The experiments are made as Matlab m-files that run in the workspace, not as functions. The training set used for all experiments on the AR signal is stored as a matrix X in dataXforAR1.mat, dimension of X is 16x4000. This set is also used as the test set. The goal of dictionary learning here is to represent this particular data set in a good way, not to make a dictionary for a general AR(1) signal. The target (and test) sparseness factor is 1/4, which gives s=4 non-zero coefficients in each sparse representation.

### 4.1 Sparse representation of an AR(1) signal

The first experiment, ex111.m, compare three methods to each other. Only 200 iterations are done, to get better results thousands of iterations should be done as in ex112.m but those results are not shown here. RLS-DLA is used with λ set to one.

Above is results for ex111.m. We see the results are not very good for the RLS-DLA method. K-SVD and ILS-DLA (MOD) perform very similar to each other.

In the next experiment ex121.m RLS-DLA is used with different fixed values of λ.

Above is results for ex121.m. We see that the RLS-DLA method here performs much better. For appropriate values of λ RLS-DLA is better than K-SVD and ILS-DLA (MOD).

In the third experiment, ex131.m and ex132.m we will see that RLS-DLA can do even better when an adaptive scheme for λ is used.

Above is results for ex132.m, results for ex131.m are not shown here. We see that the RLS-DLA method here performs even better. The convergence of the algorithm can be targeted to a given number of iterations. The variable a in the experiment gives when λ is increased to its final value 1, it is given as a fraction of the total number of iterations.

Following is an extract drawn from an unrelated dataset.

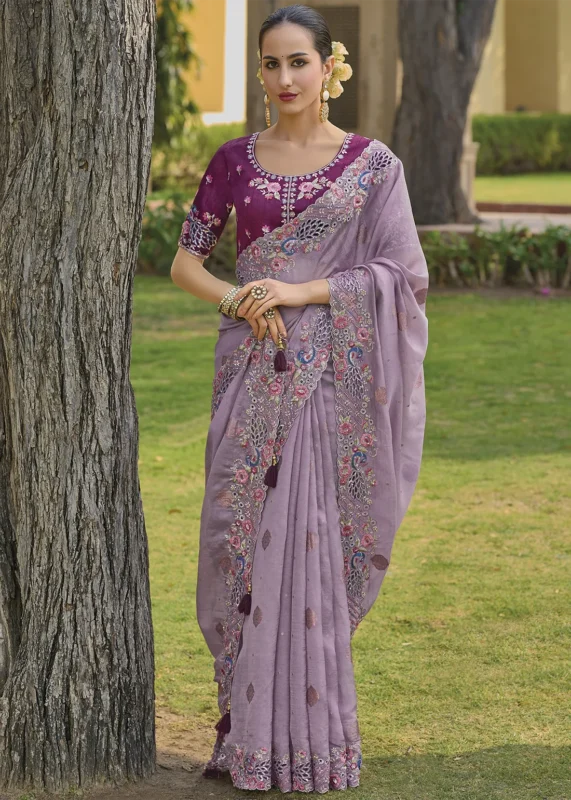 Mauve Embroidered Organza Silk Saree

### 4.2 Recovery of a known dictionary.

In this experiment we want to compare the different dictionary learning algorithms regarding recovering of a known dictionary. A true dictionary of size 20x50 is made in each trial. A set of training data is made by using the true dictionary, each training vector is a sparse combination of some, here 5, vectors from the true dictionary and random noise. The number of training vectors can be chosen and the level of noise can be given. Then a dictionary is trained from the training set using one of the three methods, ILS-DLA (MOD), K-SVD, and RLS-DLA. The trained dictionary is then compared to the true dictionary, this is done by pairing the dictionaries atoms in the best possible way and using the angle between a true atom and a trained atom as a distance measure. The number of identified atoms is then found by comparing these angles to a limit, βlim.

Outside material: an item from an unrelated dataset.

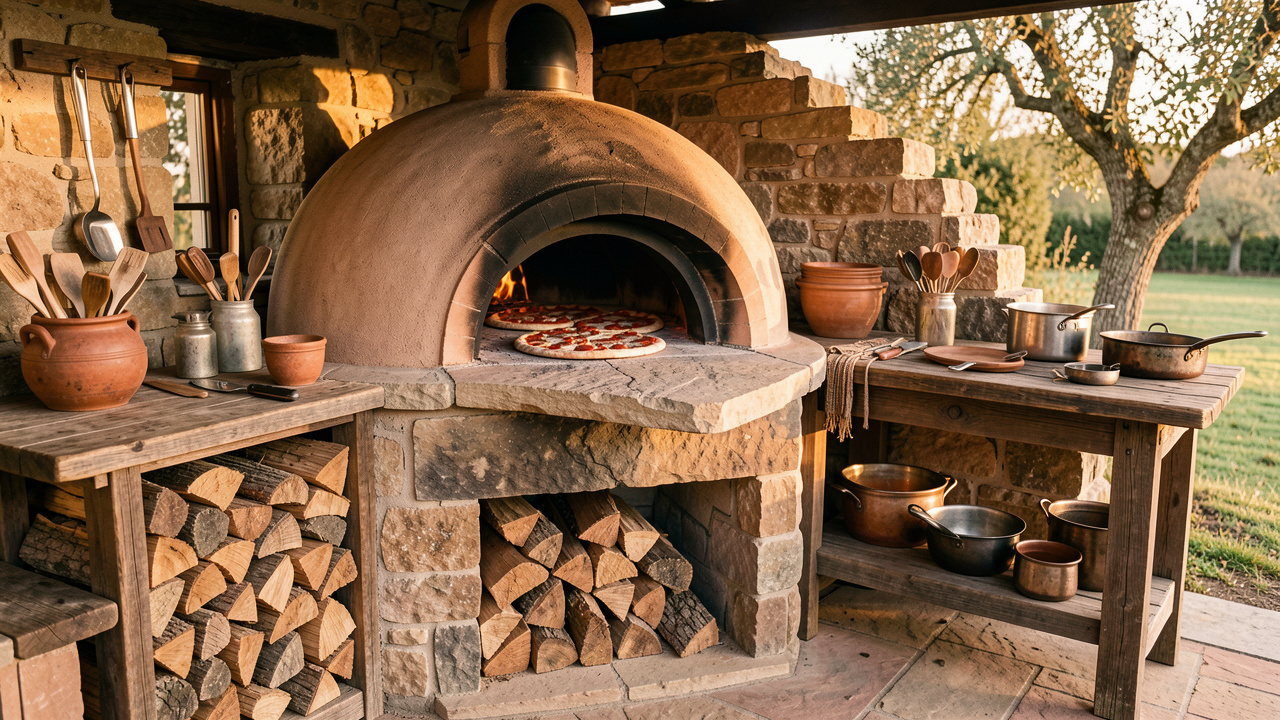 Four à bois traditionnel installé dans une cuisine extérieure rustique, avec une pizza en cuisson et du bois empilé à proximité.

Above is results for ex211.m. We see that the RLS-DLA method here performs better than ILS-DLA (MOD) and K-SVD which both perform quite similar. The most remarkable difference is that RLS-DLA is able to identify all atoms for a quite small angle βlim. ILS-DLA (MOD) and K-SVD always have some atoms that are far away from the true atom. Having βlim=8.11 degrees corresponds to the case where the inner product of the two compared atoms is equal to 0.99, each atom has 2-norm equal to 1.

## 5. More experiments

### 5.1 Learning dictionaries for image compression, ICASSP 2011 paper

This section describes how to learn the dictionaries used in the image compression examples in our ICASSP 2011 paper. How the learned dictionaries were used is described in the image compression example in section 7 on the IC tools page where also the 8 used dictionaries are available, those dictionaries were designed by the m-files presented here. An important point in our ICASSP 2011 paper is that sparse approximation using a dictionary can be done in the coefficient domain, and that this improves compression performance in much the same way as using the 9/7 wavelet transform performs better than using the block dased discrete cosine transform (DCT). Thus, the learning must be done in the coefficient domain and the training vectors be in the coefficient domain.

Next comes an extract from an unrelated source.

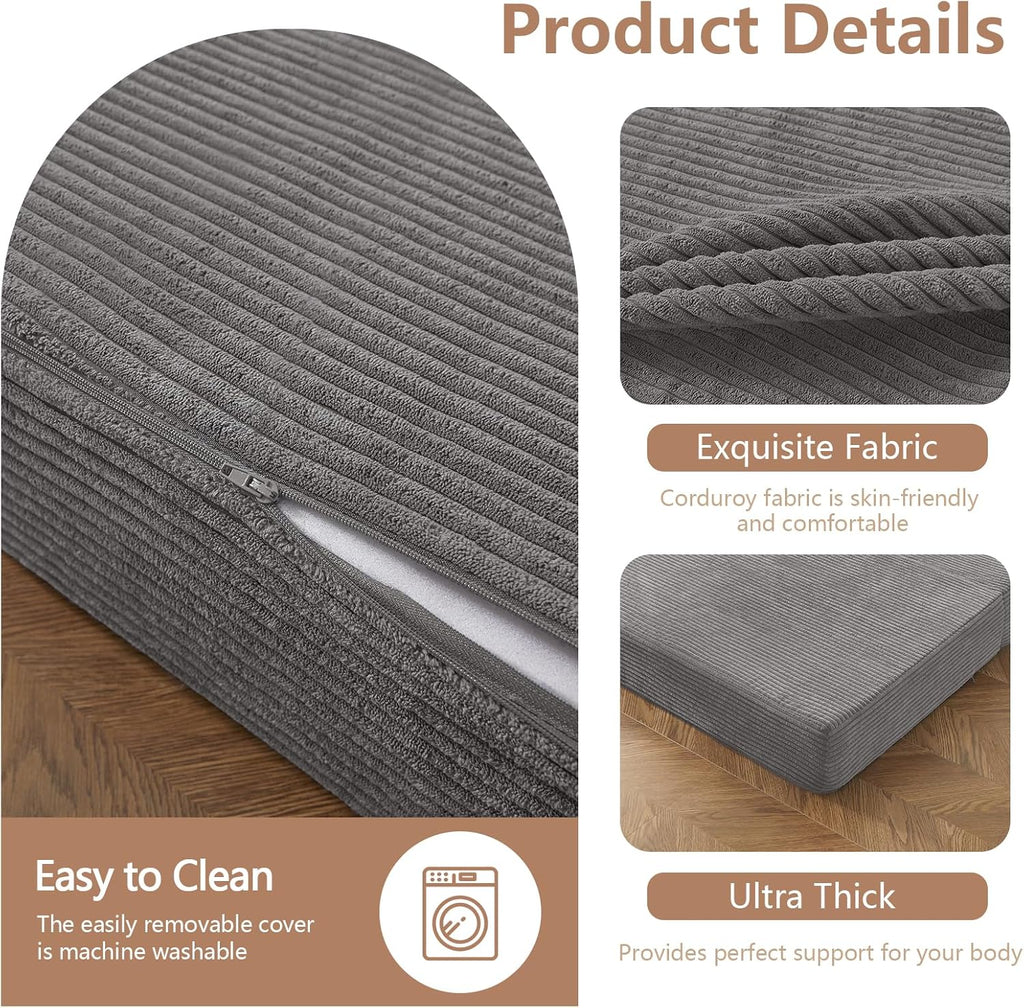BYBYME Tri-Folding Corduroy Mattress, 6 Inches Gel Folding Mattress Topper, Foldable Soft Guest Bed Camping Pad, Washable Cover (Grey, Full)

A Matlab function, getXfrom8images.m, was made to generate the training vectors from 8 training images (shown below). The function is actually quite flexible and can be used to generate training vectors from all images that can be read by the Matlab imread function. Training vectors can be made in the pixel domain or in several transform domains, most important the 9/7 wavelet domain. The function needs mycol2im.m from ICTools, which must be in the current directory or available on the Matlab search path.

The getXfrom8images.m file should be updated so that its default image catalog matches a catalog on your computer where the 8 bmp-images above, i.e. elaine.bmp, lake.bmp, man.bmp, crowd.bmp, couple.bmp, woman1.bmp, woman2.bmp, baboon.bmp, are all stored. These images, as well as lena.bmp, are available in a zip-file, USCimages_bmp.zip.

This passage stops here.